━━━ DATASET EXTRACT ━━━

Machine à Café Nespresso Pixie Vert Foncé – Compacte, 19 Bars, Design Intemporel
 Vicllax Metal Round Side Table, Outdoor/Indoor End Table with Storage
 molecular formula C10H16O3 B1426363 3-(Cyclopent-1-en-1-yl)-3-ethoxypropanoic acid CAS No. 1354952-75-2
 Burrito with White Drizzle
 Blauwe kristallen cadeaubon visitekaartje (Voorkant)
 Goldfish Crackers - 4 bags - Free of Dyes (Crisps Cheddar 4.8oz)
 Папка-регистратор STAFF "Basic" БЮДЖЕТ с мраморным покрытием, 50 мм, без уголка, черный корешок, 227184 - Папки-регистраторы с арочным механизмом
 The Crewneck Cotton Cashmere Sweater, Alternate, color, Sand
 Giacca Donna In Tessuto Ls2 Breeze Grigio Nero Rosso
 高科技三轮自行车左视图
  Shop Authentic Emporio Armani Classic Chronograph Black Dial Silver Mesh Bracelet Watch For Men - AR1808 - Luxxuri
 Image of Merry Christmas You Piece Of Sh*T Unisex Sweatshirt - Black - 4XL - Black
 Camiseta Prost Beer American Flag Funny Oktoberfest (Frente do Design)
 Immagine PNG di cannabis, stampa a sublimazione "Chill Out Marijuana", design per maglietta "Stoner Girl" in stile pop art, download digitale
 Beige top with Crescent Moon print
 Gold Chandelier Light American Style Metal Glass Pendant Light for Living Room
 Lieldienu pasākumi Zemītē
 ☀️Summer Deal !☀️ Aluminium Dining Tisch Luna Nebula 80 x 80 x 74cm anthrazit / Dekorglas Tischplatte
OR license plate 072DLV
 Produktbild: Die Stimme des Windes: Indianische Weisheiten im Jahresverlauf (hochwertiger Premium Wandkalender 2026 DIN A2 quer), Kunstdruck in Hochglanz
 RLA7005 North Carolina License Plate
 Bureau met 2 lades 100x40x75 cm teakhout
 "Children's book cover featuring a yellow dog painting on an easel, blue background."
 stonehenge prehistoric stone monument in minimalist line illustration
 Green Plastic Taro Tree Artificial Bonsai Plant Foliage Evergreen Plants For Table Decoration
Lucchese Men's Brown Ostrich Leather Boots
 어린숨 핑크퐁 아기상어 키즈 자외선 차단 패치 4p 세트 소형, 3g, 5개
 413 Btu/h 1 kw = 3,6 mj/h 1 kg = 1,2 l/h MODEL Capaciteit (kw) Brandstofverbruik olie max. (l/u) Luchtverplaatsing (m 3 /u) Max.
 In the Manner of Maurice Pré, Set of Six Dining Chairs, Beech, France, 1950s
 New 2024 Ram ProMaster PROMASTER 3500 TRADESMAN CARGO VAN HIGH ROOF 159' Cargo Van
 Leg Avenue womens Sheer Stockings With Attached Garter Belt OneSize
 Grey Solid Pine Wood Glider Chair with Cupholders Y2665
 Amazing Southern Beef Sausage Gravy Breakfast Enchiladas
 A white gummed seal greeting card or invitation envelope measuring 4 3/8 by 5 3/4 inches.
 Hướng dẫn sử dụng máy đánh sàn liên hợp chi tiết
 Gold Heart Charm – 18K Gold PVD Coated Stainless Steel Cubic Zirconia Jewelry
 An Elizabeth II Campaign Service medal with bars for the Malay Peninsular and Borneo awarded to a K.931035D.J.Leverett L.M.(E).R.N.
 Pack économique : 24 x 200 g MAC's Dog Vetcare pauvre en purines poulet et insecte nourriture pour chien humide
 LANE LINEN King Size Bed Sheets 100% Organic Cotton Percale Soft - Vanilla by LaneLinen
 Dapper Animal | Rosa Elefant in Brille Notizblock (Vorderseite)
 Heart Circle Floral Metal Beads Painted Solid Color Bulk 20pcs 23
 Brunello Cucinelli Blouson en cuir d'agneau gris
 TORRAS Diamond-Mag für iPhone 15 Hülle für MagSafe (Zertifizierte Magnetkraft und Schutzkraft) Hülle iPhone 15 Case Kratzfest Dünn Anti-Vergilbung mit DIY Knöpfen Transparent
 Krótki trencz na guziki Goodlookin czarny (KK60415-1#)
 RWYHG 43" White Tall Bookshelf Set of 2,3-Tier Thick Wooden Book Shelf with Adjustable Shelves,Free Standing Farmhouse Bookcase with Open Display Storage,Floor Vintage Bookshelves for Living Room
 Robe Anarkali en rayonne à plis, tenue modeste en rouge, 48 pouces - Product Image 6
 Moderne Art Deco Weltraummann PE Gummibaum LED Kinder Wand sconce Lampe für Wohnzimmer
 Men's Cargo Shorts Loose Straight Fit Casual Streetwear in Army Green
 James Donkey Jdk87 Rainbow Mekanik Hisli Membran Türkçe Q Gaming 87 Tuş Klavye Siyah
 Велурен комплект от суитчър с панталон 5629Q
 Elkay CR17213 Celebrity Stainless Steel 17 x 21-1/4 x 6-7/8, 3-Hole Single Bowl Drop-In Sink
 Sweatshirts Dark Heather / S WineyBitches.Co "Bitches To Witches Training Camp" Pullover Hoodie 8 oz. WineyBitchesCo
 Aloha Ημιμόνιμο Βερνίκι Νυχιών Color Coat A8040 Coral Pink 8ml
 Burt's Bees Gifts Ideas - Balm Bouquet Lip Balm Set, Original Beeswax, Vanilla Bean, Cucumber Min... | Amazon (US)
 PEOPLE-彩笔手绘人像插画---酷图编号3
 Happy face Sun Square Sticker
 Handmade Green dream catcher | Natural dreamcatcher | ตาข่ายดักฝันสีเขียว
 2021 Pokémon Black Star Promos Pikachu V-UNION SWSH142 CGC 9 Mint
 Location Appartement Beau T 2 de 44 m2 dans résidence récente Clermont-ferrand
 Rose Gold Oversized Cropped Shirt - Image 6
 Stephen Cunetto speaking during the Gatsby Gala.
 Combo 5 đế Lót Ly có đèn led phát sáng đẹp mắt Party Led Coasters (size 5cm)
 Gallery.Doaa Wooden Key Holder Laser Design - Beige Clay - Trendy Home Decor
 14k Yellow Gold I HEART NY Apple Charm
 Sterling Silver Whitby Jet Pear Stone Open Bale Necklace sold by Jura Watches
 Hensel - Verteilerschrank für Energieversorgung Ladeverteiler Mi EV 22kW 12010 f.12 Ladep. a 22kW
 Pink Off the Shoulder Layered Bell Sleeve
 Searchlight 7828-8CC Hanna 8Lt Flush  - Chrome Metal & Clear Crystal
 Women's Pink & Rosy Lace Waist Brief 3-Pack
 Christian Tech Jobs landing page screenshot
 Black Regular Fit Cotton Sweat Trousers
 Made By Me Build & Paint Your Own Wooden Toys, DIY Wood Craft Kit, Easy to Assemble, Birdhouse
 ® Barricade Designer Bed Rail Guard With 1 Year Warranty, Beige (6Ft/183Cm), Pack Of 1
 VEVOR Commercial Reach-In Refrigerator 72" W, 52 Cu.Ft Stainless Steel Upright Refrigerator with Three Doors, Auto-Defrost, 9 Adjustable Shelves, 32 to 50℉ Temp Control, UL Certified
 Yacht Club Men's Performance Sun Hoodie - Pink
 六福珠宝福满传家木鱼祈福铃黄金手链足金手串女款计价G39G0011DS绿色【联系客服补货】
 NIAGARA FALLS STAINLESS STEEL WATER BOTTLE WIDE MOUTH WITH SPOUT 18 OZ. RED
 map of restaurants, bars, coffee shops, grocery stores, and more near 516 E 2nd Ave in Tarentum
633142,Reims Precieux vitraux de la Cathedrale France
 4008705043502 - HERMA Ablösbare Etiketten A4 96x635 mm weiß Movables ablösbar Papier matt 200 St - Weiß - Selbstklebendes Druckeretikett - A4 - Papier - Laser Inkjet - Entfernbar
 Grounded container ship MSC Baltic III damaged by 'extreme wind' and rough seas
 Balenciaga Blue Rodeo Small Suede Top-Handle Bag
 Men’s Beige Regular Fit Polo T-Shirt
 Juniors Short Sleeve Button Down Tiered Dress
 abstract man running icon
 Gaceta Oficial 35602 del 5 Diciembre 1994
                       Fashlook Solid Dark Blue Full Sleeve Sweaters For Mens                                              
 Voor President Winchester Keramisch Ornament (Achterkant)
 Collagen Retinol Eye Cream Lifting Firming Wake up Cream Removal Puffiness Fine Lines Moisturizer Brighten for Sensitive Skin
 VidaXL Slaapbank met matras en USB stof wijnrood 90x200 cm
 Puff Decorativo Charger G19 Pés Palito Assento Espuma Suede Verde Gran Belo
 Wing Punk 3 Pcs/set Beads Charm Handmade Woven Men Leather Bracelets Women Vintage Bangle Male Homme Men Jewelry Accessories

━━━

▸ WHAT YOU SHOULD DO: Transcribe the records above exactly, beginning at the line that contains "New 2024 Ram" and ending with the line that contains "Amazing Southern Beef", both included, and nothing else.

▸ RESPONSE TO THE TASK:
 New 2024 Ram ProMaster PROMASTER 3500 TRADESMAN CARGO VAN HIGH ROOF 159' Cargo Van
 Leg Avenue womens Sheer Stockings With Attached Garter Belt OneSize
 Grey Solid Pine Wood Glider Chair with Cupholders Y2665
 Amazing Southern Beef Sausage Gravy Breakfast Enchiladas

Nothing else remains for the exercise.